# Attention: Address Change



## Reznor (Dec 4, 2012)

Dear Narutoforum,

I will now be living at 300 e 17th Ave, Columbus, OH 43201 with 6 roommates and will live here until March, when I will be wed.

Please direct any pizza, etc to this new location.

Thank you,
Alex Hogan


----------



## FLORIDA MAN (Dec 4, 2012)

Seems legit.


----------



## Zenith (Dec 4, 2012)

what do i get if i send you pizza for one month straight?


----------



## Golden Circle (Dec 4, 2012)

first page!

who's the lucky girl?


----------



## TheCupOfBrew (Dec 4, 2012)

What do I get out of this deal?


----------



## KamiKazi (Dec 4, 2012)

Congratulations! ~

On the upcoming wedding, not the prospect of pizza.
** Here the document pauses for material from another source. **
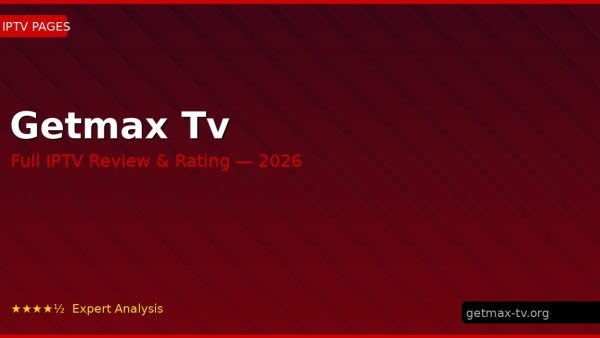 Getmax Tv Review 2026 — Channels, Pricing & Honest Rating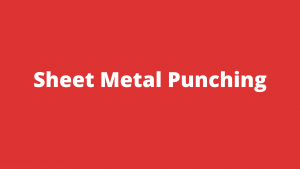 Read more about the article What is Sheet Metal Punching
Or both.


----------



## Golden Circle (Dec 4, 2012)

Hey Reznor, the Konoha Telegrams pic needs changing. I sent Dragonus a PM with  but nothing's been happening. Wut do?

While we're here, what's the going price of bacon in Ohio?


----------



## Ghost (Dec 4, 2012)

does the "etc" include hookers?


----------



## White Wolf (Dec 4, 2012)

Lt Iceman said:


> what do i get if i send you pizza for one month straight?



You get modded.


----------



## G (Dec 4, 2012)

Reznor said:


> will live here until March, when I will *be wed*.



wat               .


----------



## Kikyo (Dec 4, 2012)

Congratulations!


----------



## Zenith (Dec 4, 2012)

Saten said:


> You get modded.



that's not appealing at all


i need something more,let's say intredasting


----------



## Zhariel (Dec 4, 2012)

Sorry to hear that you're in Ohio.


----------



## Sans (Dec 5, 2012)

I am prepared to open negotiations over a reward for any pizza sent to that address.


----------



## Austin (Dec 5, 2012)

u gon git raped


----------



## Synn (Dec 5, 2012)

Your life is more interesting than mine, apparently.


----------



## Golden Circle (Dec 5, 2012)

You still haven't answered my question about bacon. What's the going price? I would move there with you only if it is cheap.


----------



## Reznor (Dec 11, 2012)

Re: Pizza: 
Tomorrow night(12/12/12) @ 9PM EST and I'll treat it like a contest and reward accordingly.


Lt Iceman said:


> what do i get if i send you pizza for one month straight?


Not sure...
Permanent contest winner status?



Rainbow Dash said:


> first page!
> 
> who's the lucky girl?


Brianna. 

I don't think you know her


----------



## Ryuzaki (Dec 11, 2012)

Reznor handing out his ex's addresses, grudges are so much fun


----------



## Hossaim (Dec 12, 2012)

Reznor said:


> Dear Narutoforum,
> 
> I will now be living at 300 e 17th Ave, Columbus, OH 43201 with 6 roommates and will live here until March, when I will be wed.
> 
> ...


Wow bitch move id finally set up a nice tripod in the bush behind your old house with a perfect view of your window now I need to start again...


----------



## Reznor (Dec 12, 2012)

My current room is an excellent sniping spot.


----------



## Lord Yu (Dec 12, 2012)

Welp, you know where I live. Don't forget to invite me to the wedding. 


Because I will find you.


----------



## Reznor (Dec 12, 2012)

I'm considering playing D&D tomorrow if you're down. Playtesting 5e.


----------



## Lord Yu (Dec 12, 2012)

Doubt I could get there. My mom's working so I wouldn't have a ride.


----------



## Star★Platinum (Dec 13, 2012)

A thousand cardboard boxes, false kidnap calls and unpaid fast food coming up, stat.


----------